Source material:
■ ■ ■ ■ ■ ■ ■
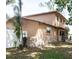 Side view of a two-story tan home with stone foundation accent and a fenced yard at 771 Murphy N Ave, St Petersburg, FL 33703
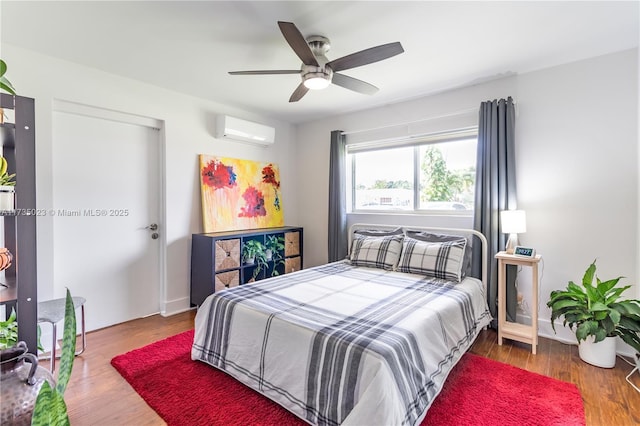 bedroom with ceiling fan, wood-type flooring, and a wall unit AC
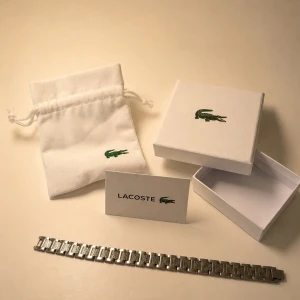 Lacoste armbandslänk i silver - Snygg armbandslänk från Lacoste i silverfärgad metall. Länken har en stilren design med små rektangulära länkar och diskreta Lacoste-loggor. Kommer med original ask och tygpåse med broderad krokodil. Perfekt accessoar för dig som gillar klassisk stil.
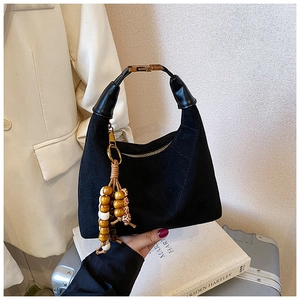Detail of black quilted shoulder bag featuring wooden bead tassels and gold metal hardware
■ ■ ■ ■ ■ ■ ■
Problem details:
Give back the data exactly. Pictures stay out.

Solution below:
 Side view of a two-story tan home with stone foundation accent and a fenced yard at 771 Murphy N Ave, St Petersburg, FL 33703
 bedroom with ceiling fan, wood-type flooring, and a wall unit AC
 Lacoste armbandslänk i silver - Snygg armbandslänk från Lacoste i silverfärgad metall. Länken har en stilren design med små rektangulära länkar och diskreta Lacoste-loggor. Kommer med original ask och tygpåse med broderad krokodil. Perfekt accessoar för dig som gillar klassisk stil.
Detail of black quilted shoulder bag featuring wooden bead tassels and gold metal hardware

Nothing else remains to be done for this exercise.